GOAL OF THE EXERCISE. Starting with the line below that holds "Gray Colour Georgette" and stopping after the line that holds "img 2 attached", transcribe the lines exactly, leaving out all pictures.

DATA UNDER STUDY.

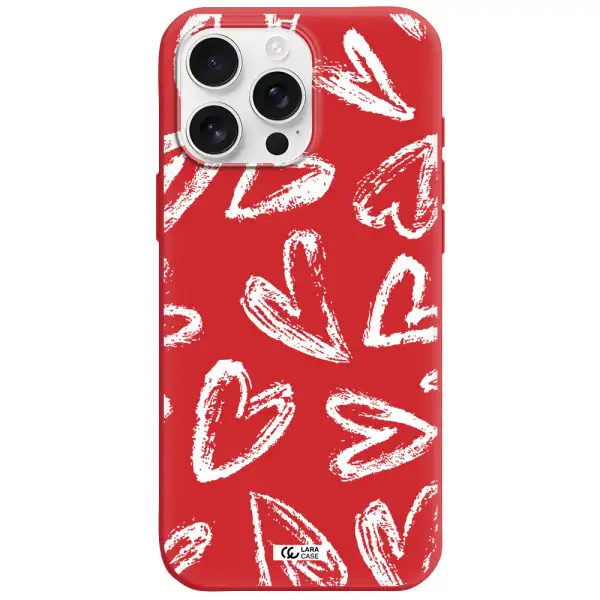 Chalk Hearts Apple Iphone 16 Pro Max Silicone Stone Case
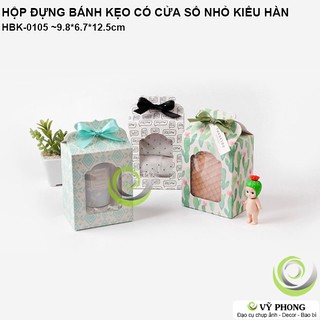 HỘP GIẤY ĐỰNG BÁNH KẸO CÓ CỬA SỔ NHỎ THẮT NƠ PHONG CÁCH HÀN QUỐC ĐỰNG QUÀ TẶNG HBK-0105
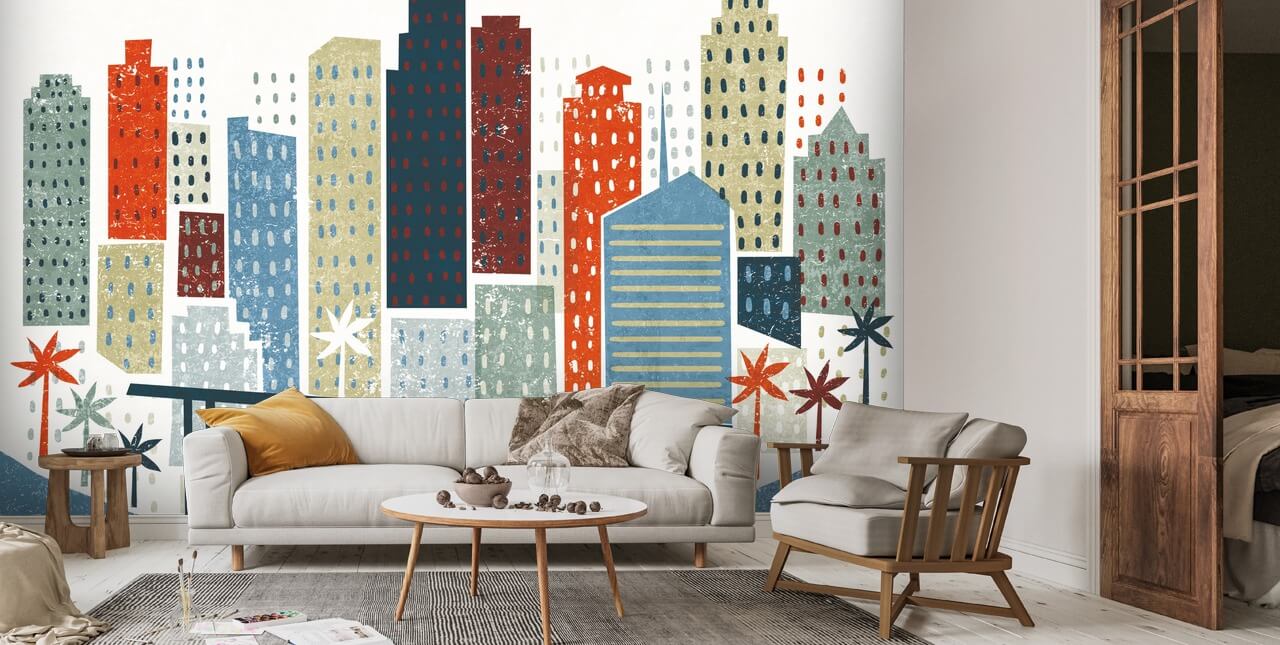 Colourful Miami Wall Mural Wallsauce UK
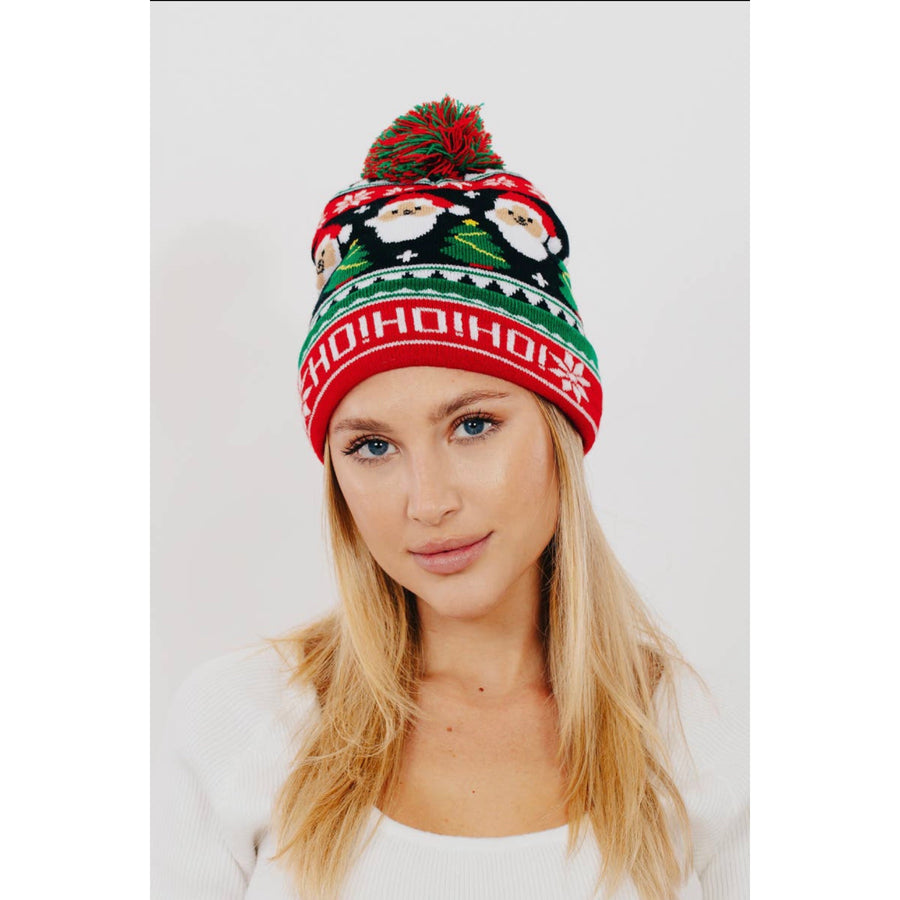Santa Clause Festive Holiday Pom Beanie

--

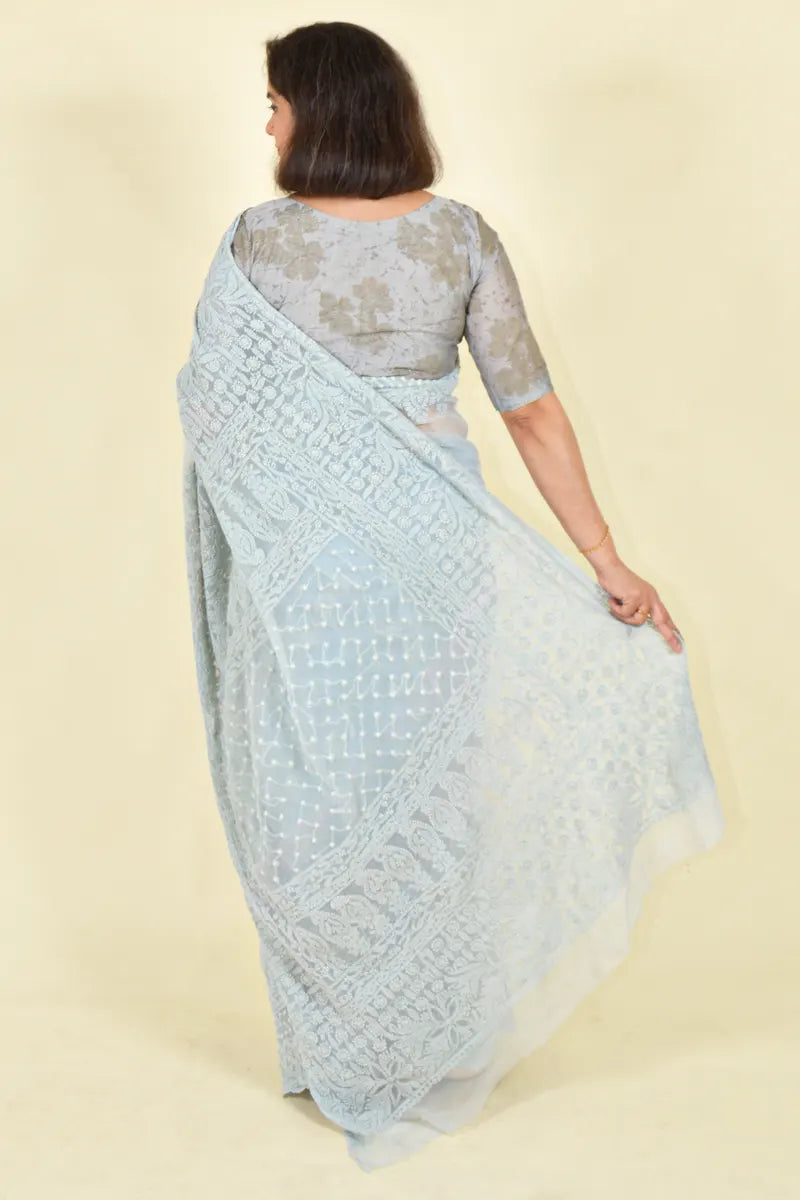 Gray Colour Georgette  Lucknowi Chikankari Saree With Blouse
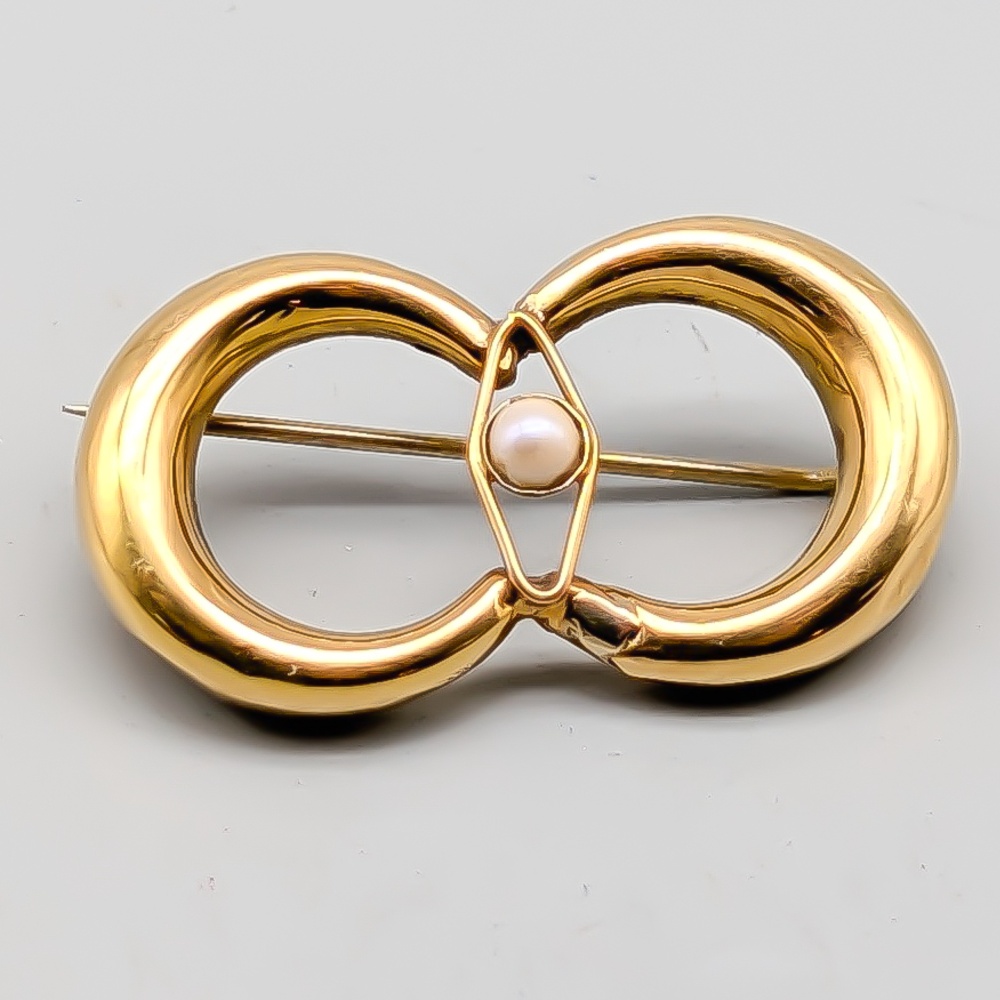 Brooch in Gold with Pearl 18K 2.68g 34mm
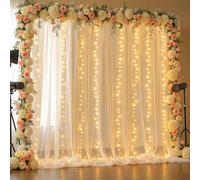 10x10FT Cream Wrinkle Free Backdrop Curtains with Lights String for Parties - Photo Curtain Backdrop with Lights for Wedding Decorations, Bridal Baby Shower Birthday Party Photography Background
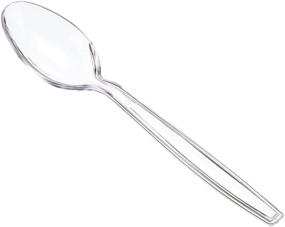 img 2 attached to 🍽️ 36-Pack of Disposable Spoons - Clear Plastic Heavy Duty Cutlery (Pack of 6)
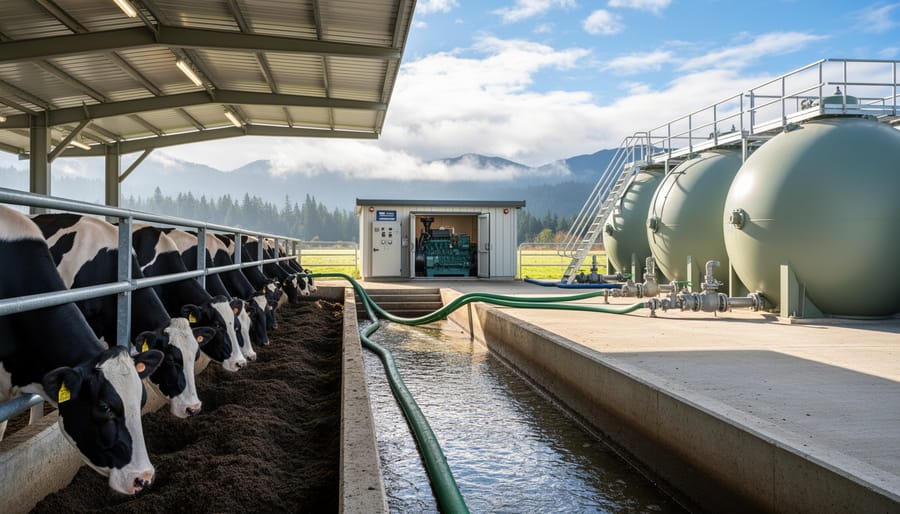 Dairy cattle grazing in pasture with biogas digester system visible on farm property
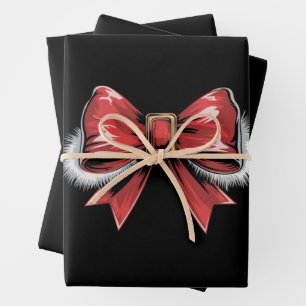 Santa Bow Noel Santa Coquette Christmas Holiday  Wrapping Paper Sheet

---

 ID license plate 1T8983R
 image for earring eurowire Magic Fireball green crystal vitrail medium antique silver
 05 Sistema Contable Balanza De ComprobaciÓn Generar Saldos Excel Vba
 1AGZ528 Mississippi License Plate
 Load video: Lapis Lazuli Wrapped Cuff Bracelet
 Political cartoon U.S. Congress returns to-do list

FINISHED EXERCISE.
 Gray Colour Georgette  Lucknowi Chikankari Saree With Blouse
 Brooch in Gold with Pearl 18K 2.68g 34mm
 10x10FT Cream Wrinkle Free Backdrop Curtains with Lights String for Parties - Photo Curtain Backdrop with Lights for Wedding Decorations, Bridal Baby Shower Birthday Party Photography Background
 img 2 attached to 🍽️ 36-Pack of Disposable Spoons - Clear Plastic Heavy Duty Cutlery (Pack of 6)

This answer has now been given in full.